Thinking about pulling the trigger on the one in the 2nd link. Just wondering what people on AHB use. I’ve already bought one which I’m about to replace, figured I’m better off asking rather than looking again in a few months for yet another one because there was a feature I forgot I needed. I know everyone is fond of the STC-1000, but it looks a little scary to me. And unless I'm mistaken, they don't allow me to warm the fridge through the cold Melbourne winters like my current setup does?

I like this option because it is extremely simple, not to mention nice and cheap.


----------



## crowmanz (28/10/15)

i_like_chicken said:


> Just wondering what people on AHB use. I’ve already bought one which I’m about to replace, figured I’m better off asking rather than looking again in a few months for yet another one because there was a feature I forgot I needed. I know everyone is fond of the STC-1000, but it looks a little scary to me. And unless I'm mistaken, they don't allow me to warm the fridge through the cold Melbourne winters like my current setup does?
> 
> I like this option because it is extremely simple, not to mention nice and cheap.


You are right that everyone is fond on the STC-1000, but you are mistaken it does both heating and cooling in the one unit. It will either power the cooling (fridge) side or the heating (heater mat) side depending on the temp reading of the probe.

I'm sure your set up will work but you will have to deal with 2 probes, 2 sockets being taken up, and setting 2 temps.


----------



## jkeysers (28/10/15)

crowmanz said:


> You are right that everyone is fond on the STC-1000, but you are mistaken it does both heating and cooling in the one unit. It will either power the cooling (fridge) side or the heating (heater mat) side depending on the temp reading of the probe.


Yes I just was doing a bit more research on it and I realised it has both heating and cooling.



crowmanz said:


> I'm sure your set up will work but you will have to deal with 2 probes, 2 sockets being taken up, and setting 2 temps.


Well that's what I was trying to find. A unit that does bothheating and cooling. I'm pretty sure the one in the 2nd link does, but as you say it requires 2 sockets and 2 probes.


----------



## sp0rk (28/10/15)

I use the one in your second link, you just switch it from cooling to heat as need be
I find overnight coolness doesn't cause the fermentation temp to drop significantly if you're fermenting in a fridge/freezer
That being said I'm replacing it with an STC1000+ soon


----------



## Smokomark (28/10/15)

If you push and hold the set button for a few seconds the little light will change from red to green. Red for heating green for cooling.

Smoko


----------



## jkeysers (28/10/15)

Thanks Smoko, I will give that a try. It doesn't say anything like that in the instructions, weirdly.

I still think I might end up with a 2nd one though (or possibly consider a STC-1000).
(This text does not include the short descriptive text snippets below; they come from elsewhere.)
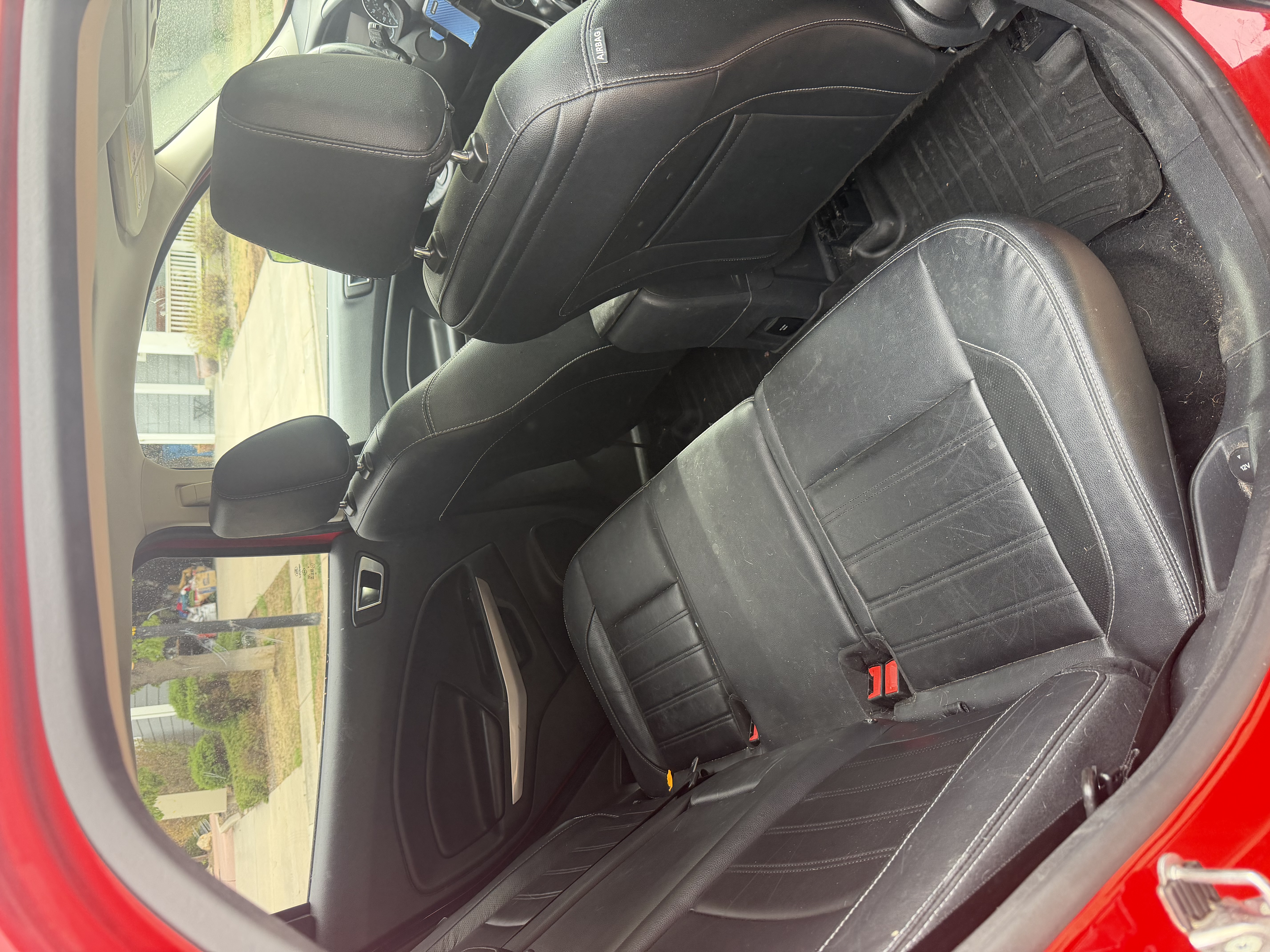 Used 2020 Ford EcoSport Titanium AWD/4WD image 8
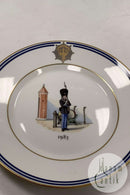 Königliche Kopenhagener Wohnung Uniformen der Königlichen Leibgarde 1983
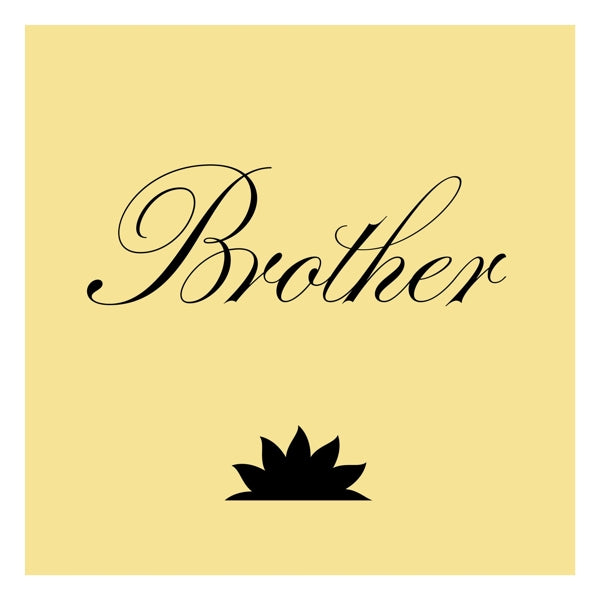 |  Vinyl LP | Brthr - Brother (LP) | Records on Vinyl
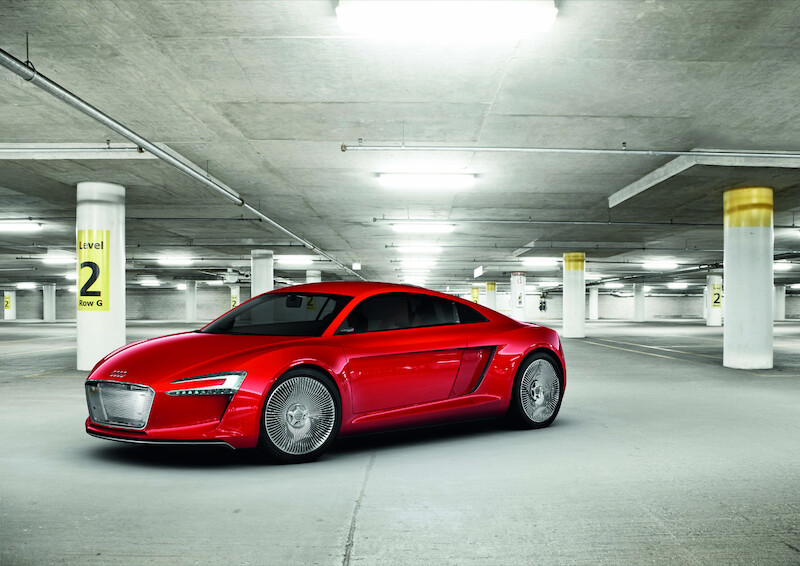 Audi e-tron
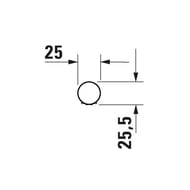 ������ ��� Duravit UV0640001010 ������ 21 �/���., ����
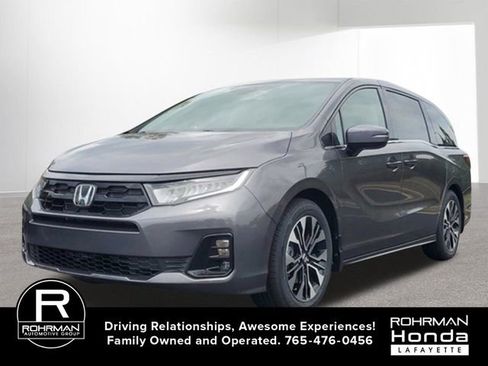 New 2026 Honda Odyssey Elite image 1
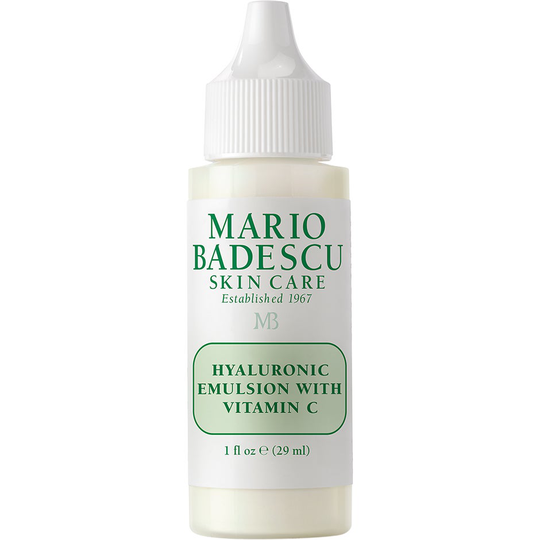 Mario Badescu Hyaluronic Emulsion with Vitamin C, 29 ml Mario Badescu Serum & Ansiktsolja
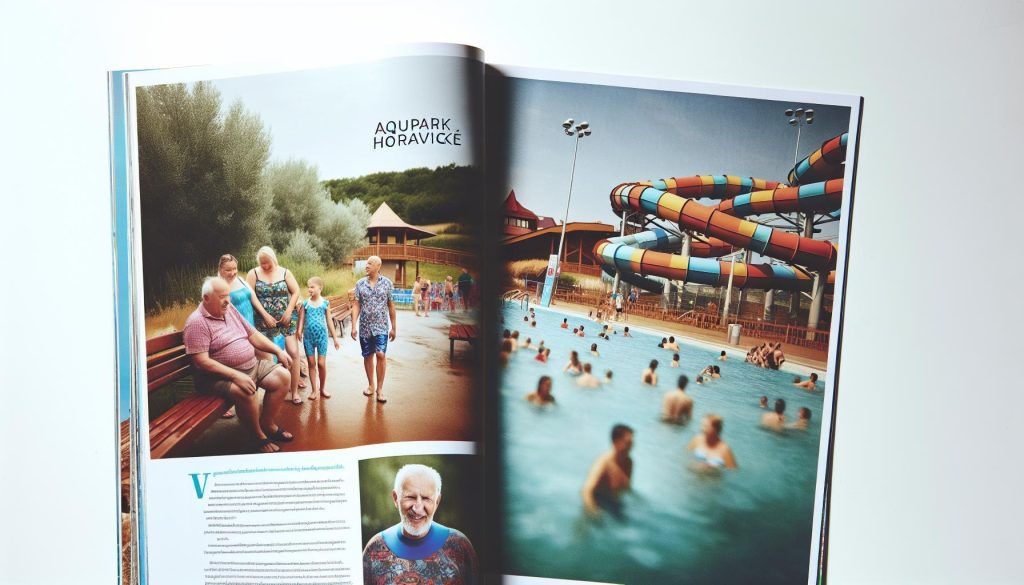 Aquapark Horaovice: Prozkoumejte a Užijte Si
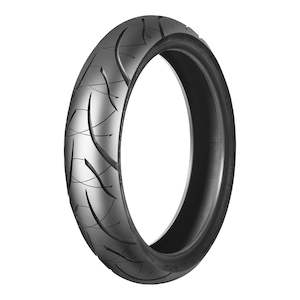 Shinko 120/60-17 016 Verge 2X Radial Front Sport Touring Tyre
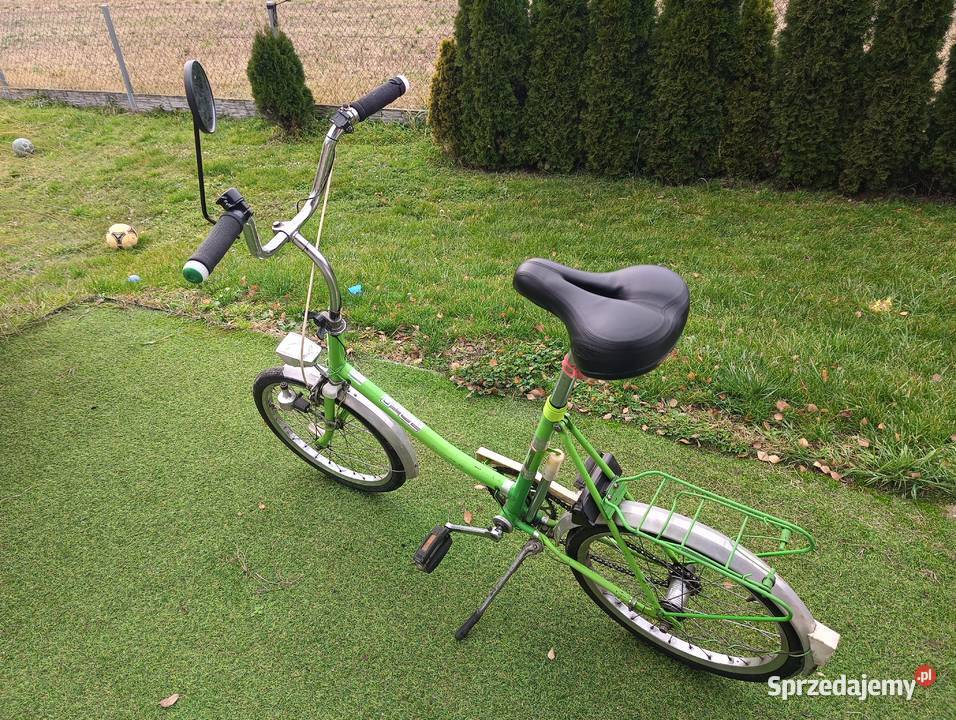 Rower Pozostałe Niemodlin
Heat only mode works great when the temperature is always cold like in winter. And Cool only mode will work well in summer I suspect. But this spring time weather can fluctuate above and below optimum brewing temps constantly.


----------



## superstock (28/10/15)

The one in your second link is the one to have. Notice it has 3 buttons which enables you to change from heating to cooling mode. The one you have has only 2 buttons which raise or lower the temp.
I have several of the 3 button type and find then very effective and relatively inexpensive. Especialy when you have more than 1 fridge operating at different temperatures.


----------



## BradG (28/10/15)

Note that these ones do not have a delay timer for cooling like the stc does.


----------